(What this task involves):
What is needed is an exact copy of the lines in the listing below, from the one with "Snow on a mesh" up to and including the one with "Aerial panorama of", with no other lines.

(Material supplied):
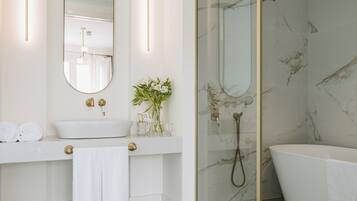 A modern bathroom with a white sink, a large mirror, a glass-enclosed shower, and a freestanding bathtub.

...

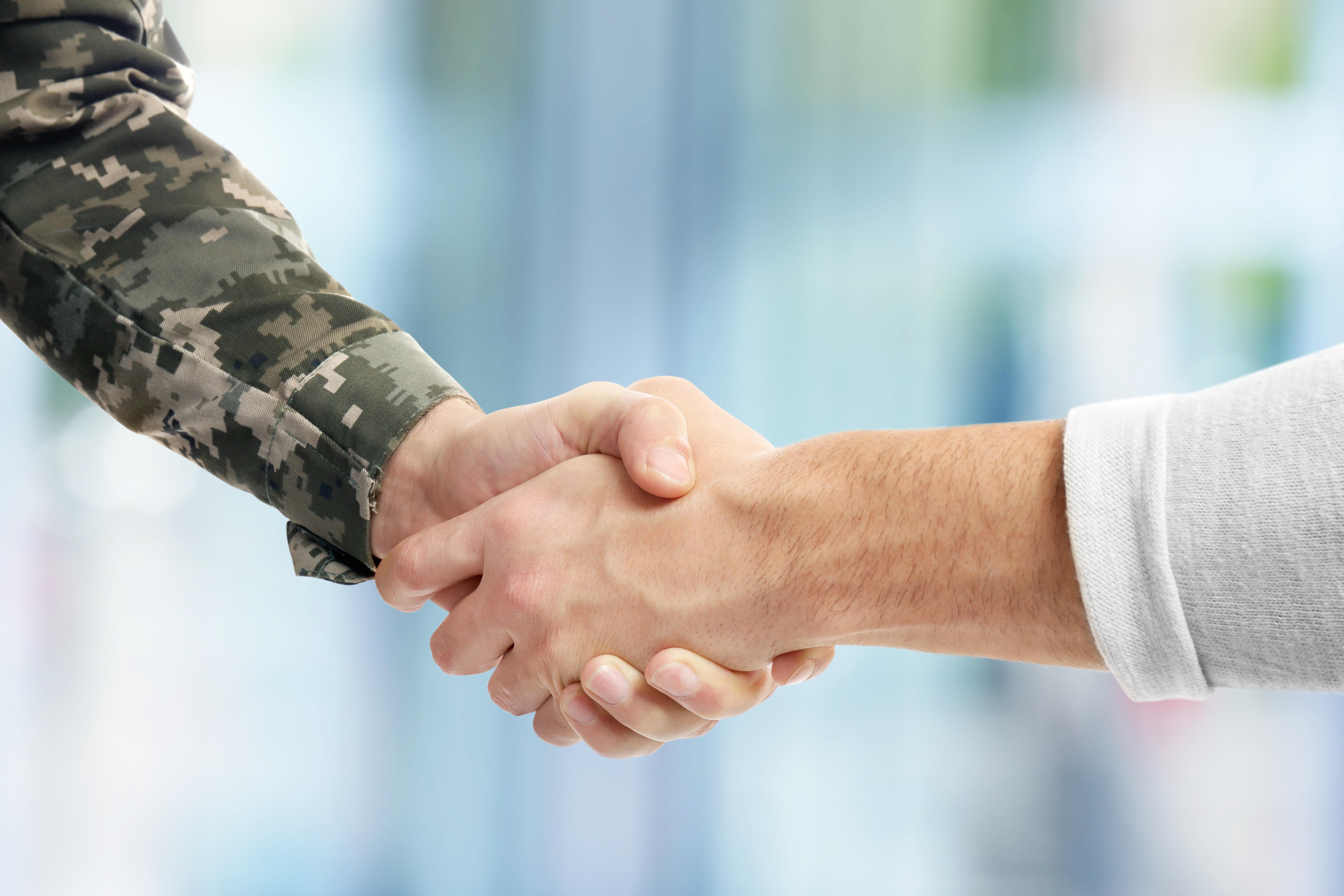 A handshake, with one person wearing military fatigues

* * *

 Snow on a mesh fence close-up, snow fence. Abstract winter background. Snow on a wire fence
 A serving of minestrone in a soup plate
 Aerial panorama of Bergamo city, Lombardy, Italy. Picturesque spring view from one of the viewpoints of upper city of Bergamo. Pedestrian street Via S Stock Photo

(Result of the task):
 Snow on a mesh fence close-up, snow fence. Abstract winter background. Snow on a wire fence
 A serving of minestrone in a soup plate
 Aerial panorama of Bergamo city, Lombardy, Italy. Picturesque spring view from one of the viewpoints of upper city of Bergamo. Pedestrian street Via S Stock Photo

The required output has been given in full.